The equations of physics are things that we humans created to understand the universe, and it can be hard to disentangle them from the universe's innate properties. It turns out that one of the weirdest things scientists have come up with, what Albert Einstein derisively called "spooky action at a distance", is more than just maths: It's a fact of reality.

Image: Kent Schimke/Flickr

That concept is also known as entanglement, and it's what allows particles that have once interacted to share a connection regardless of the separation between them. A team of physicists in the United Kingdom used some dense mathematics to come to their Einstein-angering conclusion, taking an important step toward proving whether quantum mechanics' weirdness is just the maths talking, or whether it speaks to innate physical requirements. Their mathematical proof's main assumption is that any new physics theory should be backward-compatible with the physics you learned in high school.

"It's kind of a surprising result from Einstein's perspective: There can be no description of nature without entanglement," Jonathan Richens from Imperial College, London told Gizmodo. "Most physicists believe that there is a richer and deeper theory of nature beyond quantum theory. This theory has to have entanglement."

Quantum mechanics is the theory explaining the behaviour of the smallest units of nature, such as photons and electrons. Particles behave like waves (and vice versa), and before observing them, scientists can only explain the particles' properties using probabilities. Rather than saying, "This ball is blue," they can only say, "Here are the chances this ball is blue or green." But when two of these balls interact, they can become entangled, meaning you must describe both the balls' properties at the same time. Measuring one of the balls' colours directly implies what the colour of the other ball will be, no matter how far away the balls are.

Scientists can observe entanglement. Chinese scientists set up this special inter-particle connection between light particles on a ground station and a satellite 100km away, for example. They observed correlations between the light particles in space and on Earth that couldn't exist based on the laws of classical physics alone. Einstein hated entanglement since it implies that somehow, photons are influencing each other instantly without actually being near each other.

Richens' team's new paper, published yesterday in *Physical Review Letters*, doesn't observe entanglement. Instead, "the main contribution of this work is to provide a compelling argument that entanglement — one of the most interesting and counterintuitive aspects of quantum theory — is an inescapable feature of any physical theory more 'fundamental' than classical physics," Ciarán Lee, a researcher at University College London not involved in this paper told Gizmodo. "By 'fundamental' here I mean that such a physical theory contains classical physics in some limit." Any theory that's backward-compatible with classical physics, the way Xbox 360s are backward-compatible to Xboxes, requires entanglement.
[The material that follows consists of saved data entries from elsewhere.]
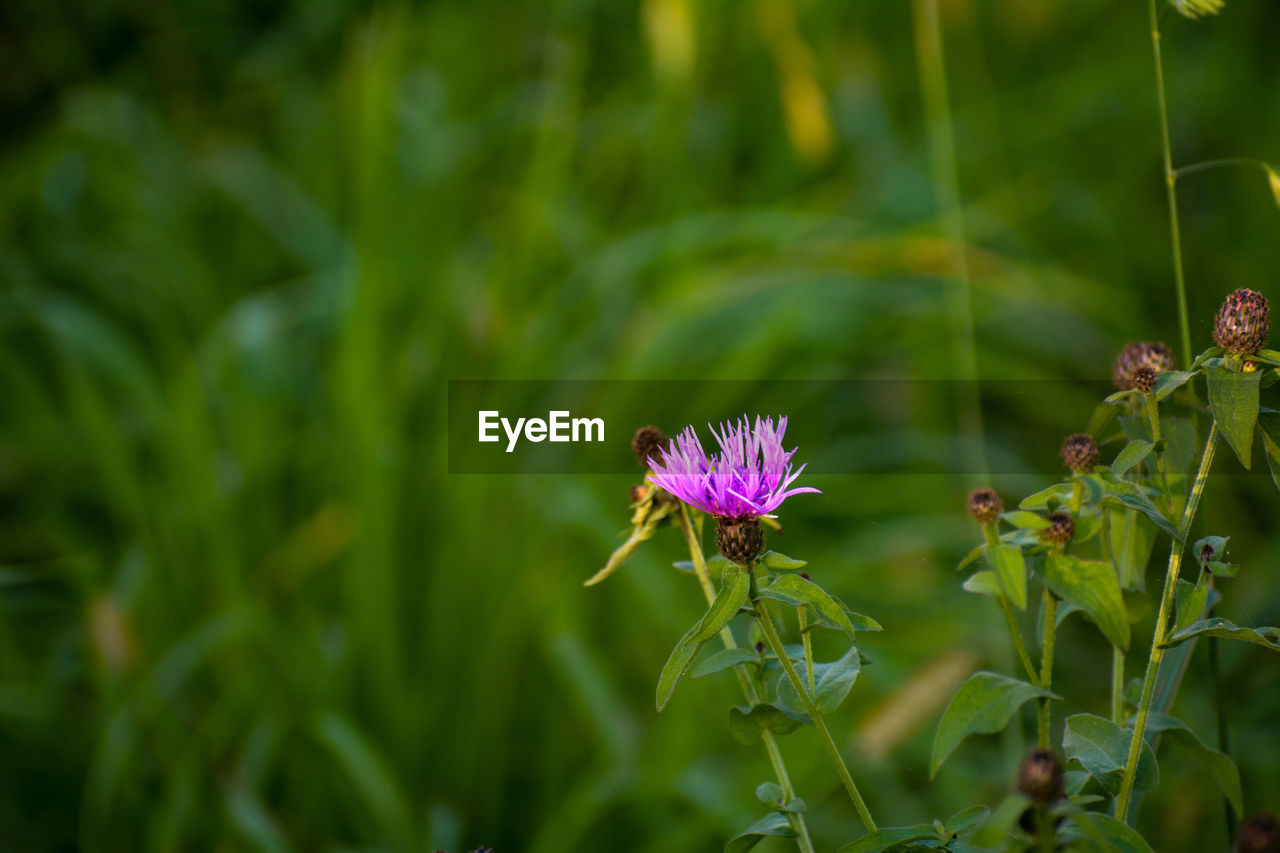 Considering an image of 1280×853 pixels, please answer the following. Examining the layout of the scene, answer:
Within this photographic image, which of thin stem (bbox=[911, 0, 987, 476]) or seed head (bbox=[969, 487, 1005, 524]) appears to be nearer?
seed head (bbox=[969, 487, 1005, 524])

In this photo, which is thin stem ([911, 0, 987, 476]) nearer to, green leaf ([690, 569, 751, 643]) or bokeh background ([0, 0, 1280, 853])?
bokeh background ([0, 0, 1280, 853])

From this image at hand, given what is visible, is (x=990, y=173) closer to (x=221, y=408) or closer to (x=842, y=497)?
(x=842, y=497)

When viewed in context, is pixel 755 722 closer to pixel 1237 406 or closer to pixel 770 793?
pixel 770 793

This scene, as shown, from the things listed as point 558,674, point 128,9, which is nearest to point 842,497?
point 558,674

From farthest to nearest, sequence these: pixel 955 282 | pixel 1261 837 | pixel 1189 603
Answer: pixel 955 282 → pixel 1189 603 → pixel 1261 837

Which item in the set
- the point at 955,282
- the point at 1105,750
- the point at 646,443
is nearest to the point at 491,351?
the point at 955,282

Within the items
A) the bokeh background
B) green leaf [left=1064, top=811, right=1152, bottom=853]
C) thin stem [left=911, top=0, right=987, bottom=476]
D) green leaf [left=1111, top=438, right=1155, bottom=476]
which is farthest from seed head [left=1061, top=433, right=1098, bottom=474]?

The team's esoteric proof requires a lot of very high-level maths, but Richens gave a simplified example using classical and quantum computer bits, or qubits. You can correlate two regular computer bits (things that can only assume values of zero and one) with a simple operation: If the first bit equals zero, make the second bit the opposite value. If the first bit equals one, leave the second bit alone.

But what if you applied this operation to quantum bits? Rather than just being a zero or one like a regular bit, a qubit comes with a probability of being either zero or one until you measure it. Richens explained that if the above operation were to work on a pair of qubits, then entanglement rears its ugly head in the proof. Their paper found that "spooky action at a distance" is inevitable.

The paper falls into part of a bigger movement to explain the innateness of quantum mechanics, and to derive it based on simple assumptions about the universe, explained Markus Müller, Group Leader at the Institute for Quantum Optics and Quantum Information in Austria not involved in the study. Lee is trying to find whether there are theories that are backward-compatible to quantum physics the way quantum is backward-compatible to classical physics. Einstein's relativity, for example, is another more advanced theory that simplifies to textbook physics, and whose machinery falls out of some basic assumptions of the universe, for instance, that the speed of light is a constant. "We're trying to do the same thing here," said Müller.

It is important to note that, while this is a mathematical proof, it is only as strong as the assumptions and definitions the authors include in the work, explained Lee. He found one of the assumptions potentially debatable, but still well-motivated.

And there's a long road ahead. The physicists only proved one (albeit wacky) piece of quantum mechanics, not the whole theory. Said Richens: "If we derive the whole of quantum theory, that would be a huge."